╭──

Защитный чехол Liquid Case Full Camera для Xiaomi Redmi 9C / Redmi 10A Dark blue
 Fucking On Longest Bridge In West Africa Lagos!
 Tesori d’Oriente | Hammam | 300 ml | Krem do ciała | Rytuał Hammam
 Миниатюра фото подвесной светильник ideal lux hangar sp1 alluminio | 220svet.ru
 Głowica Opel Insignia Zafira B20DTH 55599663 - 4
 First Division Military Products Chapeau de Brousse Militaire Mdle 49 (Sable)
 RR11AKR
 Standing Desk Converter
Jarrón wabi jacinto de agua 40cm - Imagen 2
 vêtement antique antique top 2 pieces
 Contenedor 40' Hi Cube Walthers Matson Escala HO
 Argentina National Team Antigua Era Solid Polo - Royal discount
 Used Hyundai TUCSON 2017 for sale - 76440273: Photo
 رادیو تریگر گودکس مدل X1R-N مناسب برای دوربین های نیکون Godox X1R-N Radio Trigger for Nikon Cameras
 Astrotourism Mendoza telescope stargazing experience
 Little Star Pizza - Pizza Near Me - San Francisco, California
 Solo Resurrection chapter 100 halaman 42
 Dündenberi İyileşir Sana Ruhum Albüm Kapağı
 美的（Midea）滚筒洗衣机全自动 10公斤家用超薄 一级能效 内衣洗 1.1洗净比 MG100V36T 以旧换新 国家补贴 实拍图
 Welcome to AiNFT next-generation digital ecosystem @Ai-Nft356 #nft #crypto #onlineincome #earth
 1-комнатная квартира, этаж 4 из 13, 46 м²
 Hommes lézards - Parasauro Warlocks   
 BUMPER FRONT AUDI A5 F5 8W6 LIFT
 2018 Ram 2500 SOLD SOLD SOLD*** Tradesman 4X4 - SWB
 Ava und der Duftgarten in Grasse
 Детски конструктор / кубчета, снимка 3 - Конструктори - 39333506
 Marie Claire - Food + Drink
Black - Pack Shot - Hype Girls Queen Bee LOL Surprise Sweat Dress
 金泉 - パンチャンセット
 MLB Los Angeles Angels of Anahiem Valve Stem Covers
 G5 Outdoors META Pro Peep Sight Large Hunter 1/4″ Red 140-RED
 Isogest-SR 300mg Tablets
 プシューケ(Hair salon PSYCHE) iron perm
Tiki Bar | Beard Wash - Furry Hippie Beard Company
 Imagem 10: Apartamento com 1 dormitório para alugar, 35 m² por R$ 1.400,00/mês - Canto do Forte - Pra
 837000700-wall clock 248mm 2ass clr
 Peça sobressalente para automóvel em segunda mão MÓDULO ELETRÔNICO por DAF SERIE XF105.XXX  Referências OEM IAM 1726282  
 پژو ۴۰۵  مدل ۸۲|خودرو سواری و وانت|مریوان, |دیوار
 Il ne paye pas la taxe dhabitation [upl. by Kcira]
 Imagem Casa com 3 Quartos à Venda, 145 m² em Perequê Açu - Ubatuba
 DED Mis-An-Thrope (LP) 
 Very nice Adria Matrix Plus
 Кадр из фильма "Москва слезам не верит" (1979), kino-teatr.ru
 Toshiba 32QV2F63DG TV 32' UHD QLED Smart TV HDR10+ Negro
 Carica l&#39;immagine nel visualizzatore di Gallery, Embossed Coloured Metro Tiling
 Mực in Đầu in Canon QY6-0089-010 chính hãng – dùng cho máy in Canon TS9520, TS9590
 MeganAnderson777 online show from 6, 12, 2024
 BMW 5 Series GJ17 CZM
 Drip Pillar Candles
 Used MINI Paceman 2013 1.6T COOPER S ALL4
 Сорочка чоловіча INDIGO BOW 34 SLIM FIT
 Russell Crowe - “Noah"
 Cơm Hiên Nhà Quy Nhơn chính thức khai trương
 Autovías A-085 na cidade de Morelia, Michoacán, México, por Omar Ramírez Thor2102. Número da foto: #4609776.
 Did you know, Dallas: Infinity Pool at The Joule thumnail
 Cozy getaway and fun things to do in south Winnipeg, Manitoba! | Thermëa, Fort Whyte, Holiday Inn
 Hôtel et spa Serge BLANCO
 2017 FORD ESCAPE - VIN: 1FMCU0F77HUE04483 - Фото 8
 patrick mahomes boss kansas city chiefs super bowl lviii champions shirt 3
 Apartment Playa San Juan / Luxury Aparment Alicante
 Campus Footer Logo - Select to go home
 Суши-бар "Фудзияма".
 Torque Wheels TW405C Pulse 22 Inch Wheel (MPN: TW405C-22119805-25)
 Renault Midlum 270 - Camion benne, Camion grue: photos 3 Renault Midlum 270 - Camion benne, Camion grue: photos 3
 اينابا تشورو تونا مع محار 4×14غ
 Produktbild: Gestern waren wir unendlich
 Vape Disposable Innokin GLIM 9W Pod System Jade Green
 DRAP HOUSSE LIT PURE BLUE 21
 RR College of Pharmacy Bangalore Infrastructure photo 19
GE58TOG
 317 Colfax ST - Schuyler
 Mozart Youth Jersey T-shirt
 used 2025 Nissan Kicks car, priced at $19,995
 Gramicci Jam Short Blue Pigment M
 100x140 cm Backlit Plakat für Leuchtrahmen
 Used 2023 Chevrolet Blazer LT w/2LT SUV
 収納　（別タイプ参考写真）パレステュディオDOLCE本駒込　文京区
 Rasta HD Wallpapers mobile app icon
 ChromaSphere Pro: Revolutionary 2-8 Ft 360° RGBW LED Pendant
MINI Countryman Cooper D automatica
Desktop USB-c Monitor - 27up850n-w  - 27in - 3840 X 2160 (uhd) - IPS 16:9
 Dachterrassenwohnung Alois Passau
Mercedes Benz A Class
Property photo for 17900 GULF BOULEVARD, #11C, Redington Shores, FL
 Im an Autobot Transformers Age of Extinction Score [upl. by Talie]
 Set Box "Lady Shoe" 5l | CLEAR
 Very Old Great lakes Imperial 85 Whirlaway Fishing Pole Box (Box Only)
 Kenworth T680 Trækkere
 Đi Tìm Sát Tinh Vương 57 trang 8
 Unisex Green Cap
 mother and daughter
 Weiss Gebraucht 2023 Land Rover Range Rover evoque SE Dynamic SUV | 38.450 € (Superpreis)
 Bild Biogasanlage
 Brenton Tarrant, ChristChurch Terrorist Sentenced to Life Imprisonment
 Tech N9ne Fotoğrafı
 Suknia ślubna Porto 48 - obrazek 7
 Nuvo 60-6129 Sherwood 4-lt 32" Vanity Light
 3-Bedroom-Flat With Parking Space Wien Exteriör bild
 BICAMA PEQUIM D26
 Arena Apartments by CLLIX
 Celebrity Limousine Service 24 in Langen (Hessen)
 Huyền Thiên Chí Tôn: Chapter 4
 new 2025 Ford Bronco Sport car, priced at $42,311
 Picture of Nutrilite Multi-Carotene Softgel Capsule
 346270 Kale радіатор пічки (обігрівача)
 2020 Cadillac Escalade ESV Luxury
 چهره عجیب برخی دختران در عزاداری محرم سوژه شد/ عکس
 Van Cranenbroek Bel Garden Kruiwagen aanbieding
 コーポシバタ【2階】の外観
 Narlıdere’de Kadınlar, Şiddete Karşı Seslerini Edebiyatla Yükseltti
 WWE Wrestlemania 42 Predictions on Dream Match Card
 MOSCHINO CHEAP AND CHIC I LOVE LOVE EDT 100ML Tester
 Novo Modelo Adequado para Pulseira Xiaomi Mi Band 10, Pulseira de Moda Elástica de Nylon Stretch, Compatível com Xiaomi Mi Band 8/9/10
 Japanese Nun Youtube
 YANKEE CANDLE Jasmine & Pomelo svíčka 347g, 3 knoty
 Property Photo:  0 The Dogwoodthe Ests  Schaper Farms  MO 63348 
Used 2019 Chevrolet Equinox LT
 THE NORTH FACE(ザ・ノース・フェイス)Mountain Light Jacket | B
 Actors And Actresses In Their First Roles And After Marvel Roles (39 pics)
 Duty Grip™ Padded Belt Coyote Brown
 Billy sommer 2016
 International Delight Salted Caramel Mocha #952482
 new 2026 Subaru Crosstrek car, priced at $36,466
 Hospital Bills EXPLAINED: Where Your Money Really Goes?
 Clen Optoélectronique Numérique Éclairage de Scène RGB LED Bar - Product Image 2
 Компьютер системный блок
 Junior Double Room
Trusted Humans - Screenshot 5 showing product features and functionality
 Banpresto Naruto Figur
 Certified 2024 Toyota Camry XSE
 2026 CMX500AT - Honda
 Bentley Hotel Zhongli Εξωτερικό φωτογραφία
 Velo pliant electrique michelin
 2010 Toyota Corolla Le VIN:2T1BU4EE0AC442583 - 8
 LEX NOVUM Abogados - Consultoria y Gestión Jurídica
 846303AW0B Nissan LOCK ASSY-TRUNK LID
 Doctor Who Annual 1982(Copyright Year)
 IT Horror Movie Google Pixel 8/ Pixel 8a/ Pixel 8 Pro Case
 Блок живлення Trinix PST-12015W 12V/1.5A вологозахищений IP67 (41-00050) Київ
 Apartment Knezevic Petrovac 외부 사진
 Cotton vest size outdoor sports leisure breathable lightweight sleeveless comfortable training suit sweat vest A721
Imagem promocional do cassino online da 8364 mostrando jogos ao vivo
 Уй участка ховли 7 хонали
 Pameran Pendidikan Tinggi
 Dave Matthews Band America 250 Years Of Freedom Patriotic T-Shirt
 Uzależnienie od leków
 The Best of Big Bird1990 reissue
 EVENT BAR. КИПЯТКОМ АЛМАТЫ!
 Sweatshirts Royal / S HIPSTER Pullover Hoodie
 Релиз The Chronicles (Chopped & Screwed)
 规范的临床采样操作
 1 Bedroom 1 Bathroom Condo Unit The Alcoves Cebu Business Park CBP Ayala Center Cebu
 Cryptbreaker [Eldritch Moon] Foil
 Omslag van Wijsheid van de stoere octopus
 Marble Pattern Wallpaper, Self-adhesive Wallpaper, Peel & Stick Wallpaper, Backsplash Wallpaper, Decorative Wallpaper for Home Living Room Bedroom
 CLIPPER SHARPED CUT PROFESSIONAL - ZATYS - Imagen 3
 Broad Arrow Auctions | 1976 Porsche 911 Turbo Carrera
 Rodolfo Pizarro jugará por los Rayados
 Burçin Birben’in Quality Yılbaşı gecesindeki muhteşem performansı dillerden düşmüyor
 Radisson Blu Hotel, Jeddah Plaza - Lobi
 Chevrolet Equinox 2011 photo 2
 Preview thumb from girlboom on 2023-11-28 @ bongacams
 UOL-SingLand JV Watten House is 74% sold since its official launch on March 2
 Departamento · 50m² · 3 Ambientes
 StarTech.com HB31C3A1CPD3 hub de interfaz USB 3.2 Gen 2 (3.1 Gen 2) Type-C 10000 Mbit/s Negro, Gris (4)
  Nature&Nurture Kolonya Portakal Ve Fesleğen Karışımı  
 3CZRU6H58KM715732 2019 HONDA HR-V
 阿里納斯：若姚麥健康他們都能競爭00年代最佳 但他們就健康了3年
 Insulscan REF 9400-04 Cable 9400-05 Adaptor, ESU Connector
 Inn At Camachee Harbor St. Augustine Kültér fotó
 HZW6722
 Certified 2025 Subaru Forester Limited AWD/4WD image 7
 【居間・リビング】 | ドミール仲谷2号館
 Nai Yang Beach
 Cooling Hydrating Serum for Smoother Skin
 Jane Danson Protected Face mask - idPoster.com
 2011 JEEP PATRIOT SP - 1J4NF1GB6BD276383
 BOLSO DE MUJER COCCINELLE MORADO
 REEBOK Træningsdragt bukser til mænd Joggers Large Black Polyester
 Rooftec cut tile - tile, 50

╰──

- [THE PROBLEM] Starting at the first line of the material above, reproduce each line exactly up to and including the line with "2018 Ram 2500".

- [EXERCISE ANSWER]
Защитный чехол Liquid Case Full Camera для Xiaomi Redmi 9C / Redmi 10A Dark blue
 Fucking On Longest Bridge In West Africa Lagos!
 Tesori d’Oriente | Hammam | 300 ml | Krem do ciała | Rytuał Hammam
 Миниатюра фото подвесной светильник ideal lux hangar sp1 alluminio | 220svet.ru
 Głowica Opel Insignia Zafira B20DTH 55599663 - 4
 First Division Military Products Chapeau de Brousse Militaire Mdle 49 (Sable)
 RR11AKR
 Standing Desk Converter
Jarrón wabi jacinto de agua 40cm - Imagen 2
 vêtement antique antique top 2 pieces
 Contenedor 40' Hi Cube Walthers Matson Escala HO
 Argentina National Team Antigua Era Solid Polo - Royal discount
 Used Hyundai TUCSON 2017 for sale - 76440273: Photo
 رادیو تریگر گودکس مدل X1R-N مناسب برای دوربین های نیکون Godox X1R-N Radio Trigger for Nikon Cameras
 Astrotourism Mendoza telescope stargazing experience
 Little Star Pizza - Pizza Near Me - San Francisco, California
 Solo Resurrection chapter 100 halaman 42
 Dündenberi İyileşir Sana Ruhum Albüm Kapağı
 美的（Midea）滚筒洗衣机全自动 10公斤家用超薄 一级能效 内衣洗 1.1洗净比 MG100V36T 以旧换新 国家补贴 实拍图
 Welcome to AiNFT next-generation digital ecosystem @Ai-Nft356 #nft #crypto #onlineincome #earth
 1-комнатная квартира, этаж 4 из 13, 46 м²
 Hommes lézards - Parasauro Warlocks   
 BUMPER FRONT AUDI A5 F5 8W6 LIFT
 2018 Ram 2500 SOLD SOLD SOLD*** Tradesman 4X4 - SWB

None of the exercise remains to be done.